The file education.dat consists of school expenditure in 1970 (SE70)
using PI68 (average personal income, 1968), Y69 (school-aged population
per capita, 1969), and Urban70 (urban population per capita, 1970)
for the 50 states and Washington, DC. The data also have variables
for region (general) and locale (specific). The question of interest
is, ``which variables have an effect on school expenditures?''
> education <- read.table("education.dat",header=T)
> is.factor(education$Region)
[1] T
> is.factor(education$Locale)
[1] T
> attach(education)
Let's try a model with all of the numeric predictors.
> summary(education.lm <- lm(SE70 ~ PI68 + Y69 + Urban70))
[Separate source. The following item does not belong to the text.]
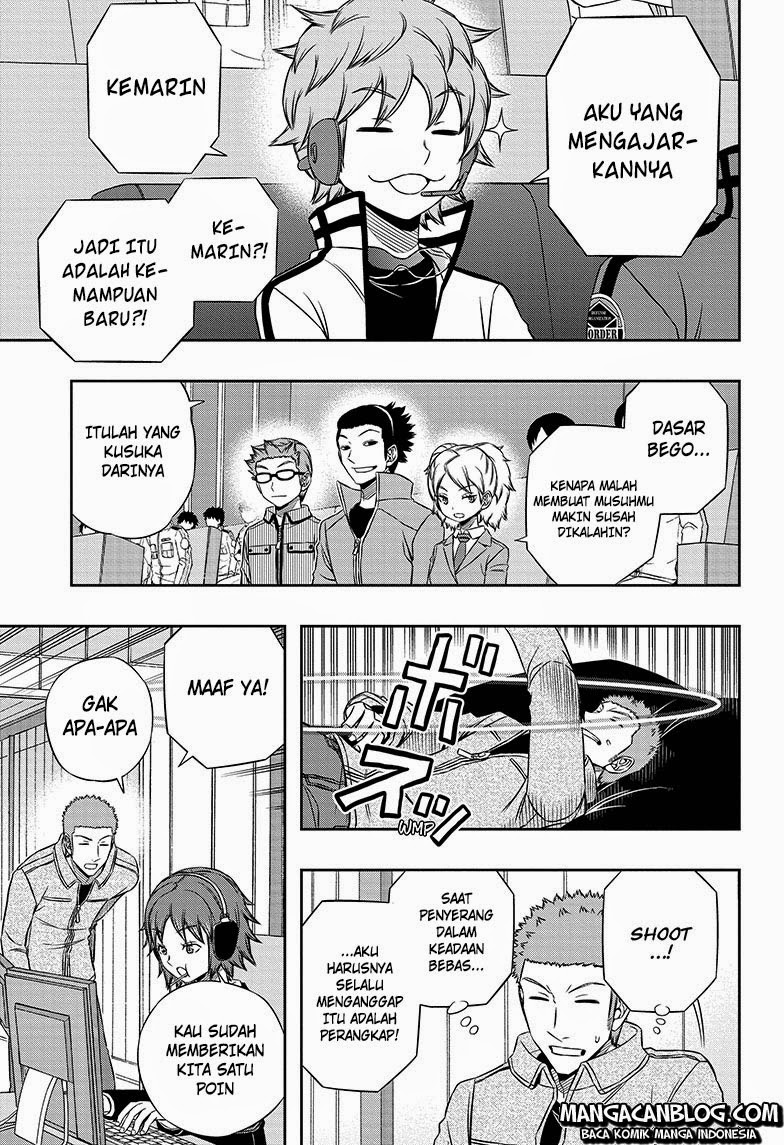 world-trigger - Chapter: 89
Call: lm(formula = SE70 ~ PI68 + Y69 + Urban70)
Residuals:
Min 1Q Median 3Q Max
-60.24 -15.74 -1.156 15.88 51.38
Coefficients:
Value Std. Error t value Pr(>|t|)
(Intercept) -286.8388 64.9199 -4.4183 0.0001
PI68 0.0807 0.0093 8.6738 0.0000
Y69 0.8173 0.1598 5.1151 0.0000
Urban70 -0.1058 0.0343 -3.0863 0.0034
Residual standard error: 26.69 on 47 degrees of freedom
Multiple R-Squared: 0.6896
F-statistic: 34.81 on 3 and 47 degrees of freedom, the p-value is 5.337e-12
Correlation of Coefficients:
(Intercept) PI68 Y69
PI68 -0.3064
Y69 -0.9398 0.0934
Urban70 -0.0711 -0.6784 0.0381
This model appears to fit well (note the high multiple R-squared
and small p-values). However, Urban70 and PI68 are highly
collinear, so Urban70 should be removed from the model.